Some people will go without a survey or an inspection to save money. Often, mortgage lenders will not let buyers sidestep those expenses. Those looking closely at the financial details prior to closing may realize that they have to pay for title insurance not only for themselves but also their mortgage lender.
Although you can’t refuse to buy a lender’s policy, you can refuse a buyer’s policy. What’s at risk if you make that decision?
Title insurance protects your ownership rights
To obtain a title insurance policy, you will have to have a company perform an exhaustive title search looking at the ownership history of the property and any liens that require payment as part of the transaction. Your title insurance policy will protect you if someone else eventually shows up claiming to be an owner or to have the right to some other hold on the property’s title.

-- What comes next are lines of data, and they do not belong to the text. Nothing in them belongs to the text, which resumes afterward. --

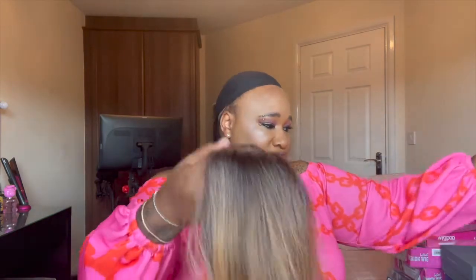It came with lace which I've already cut off, and also it had baby hairs which I've cut off. This is a long one — I think 28 inches. She's long and I can't even get her all in the frame. She is ridiculously long.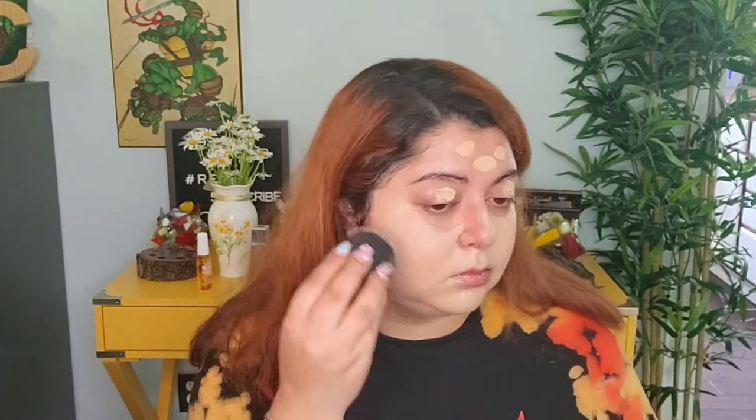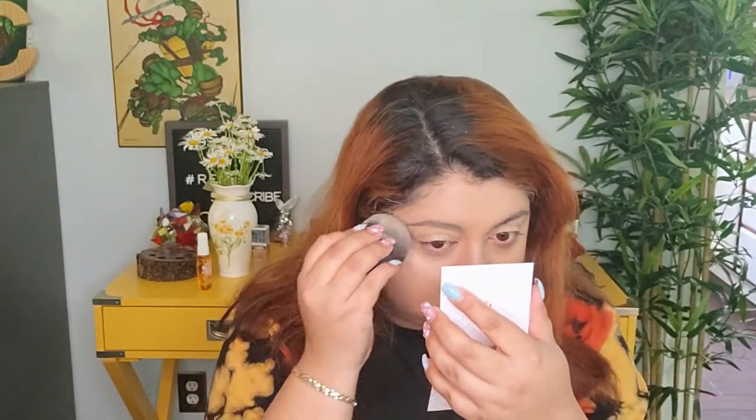The foundation is a little bit lighter because that is mostly my winter color. So far I really do like how this looks — it is definitely giving a much nicer finish than just being really matte. I feel like the Huda Beauty foundation can sometimes look a little cakey, but adding the Glow-ish to it looks definitely much better, more skin-like with a natural finish.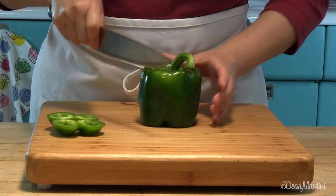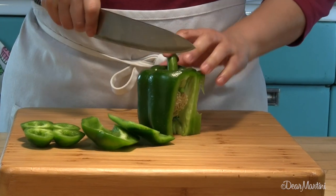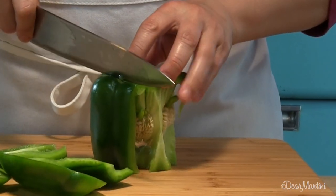Cut the base off to stabilize. Slice in between the indentations of the pepper. This method keeps the ribs, core, seeds, and stem intact for trash.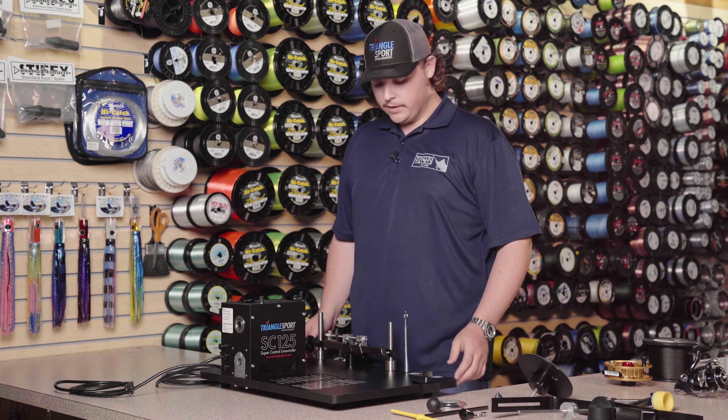Hey guys, Tyler here and we're going to go over setting up your new SC125 line winding machine.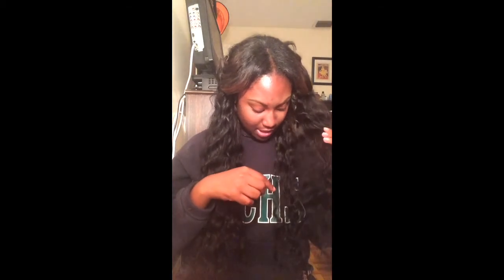I did flat iron a piece of the hair. I kind of flat ironed this one little piece right here, and this is what it looks like — it's really long.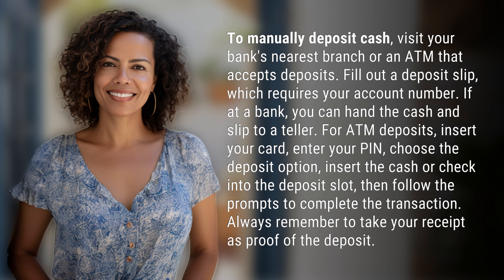For ATM deposits, insert your card, enter your PIN, choose the deposit option, insert the cash or check into the deposit slot, then follow the prompts to complete the transaction. Always remember to take your receipt as proof of the deposit.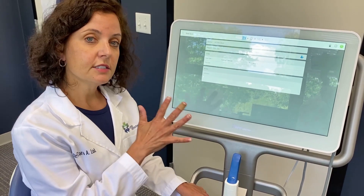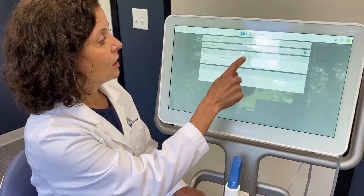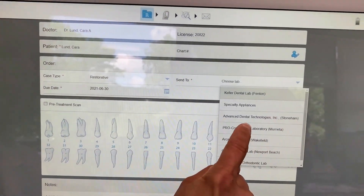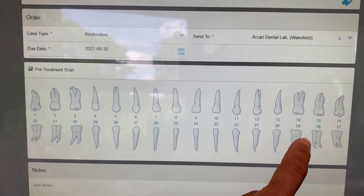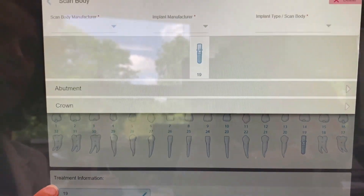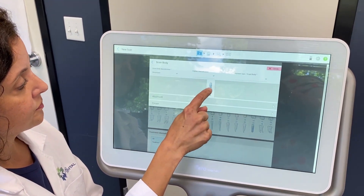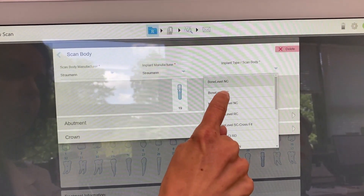So how do we scan? A lot of this is done before the patient enters the office. The assistant, knowing there's an implant crown we're going to scan for, will come in and enter the information. We'll pick our lab — your personalized list of labs can be in this area. For implants, we always do a pre-treatment scan because we're going to scan with and without the scan body — tissue level and with the scan body. We then enter the scan body information: who manufactured it, who manufactured the implant, and what kind of implant we're scanning.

Title insurance will first pay for an attorney to represent you in a title dispute in court. If the title claimant is successful and you lose possession of the property, title insurance will reimburse you for the investments you’ve made in the property.
If you don’t have a title policy and someone brings a claim against your home, you could lose out on the down payment you made, all of the accrued equity from payments since your closing and the value of improvements you’ve made to the property. Learning more about the details of a residential real estate transaction can help you make informed choices prior to your closing.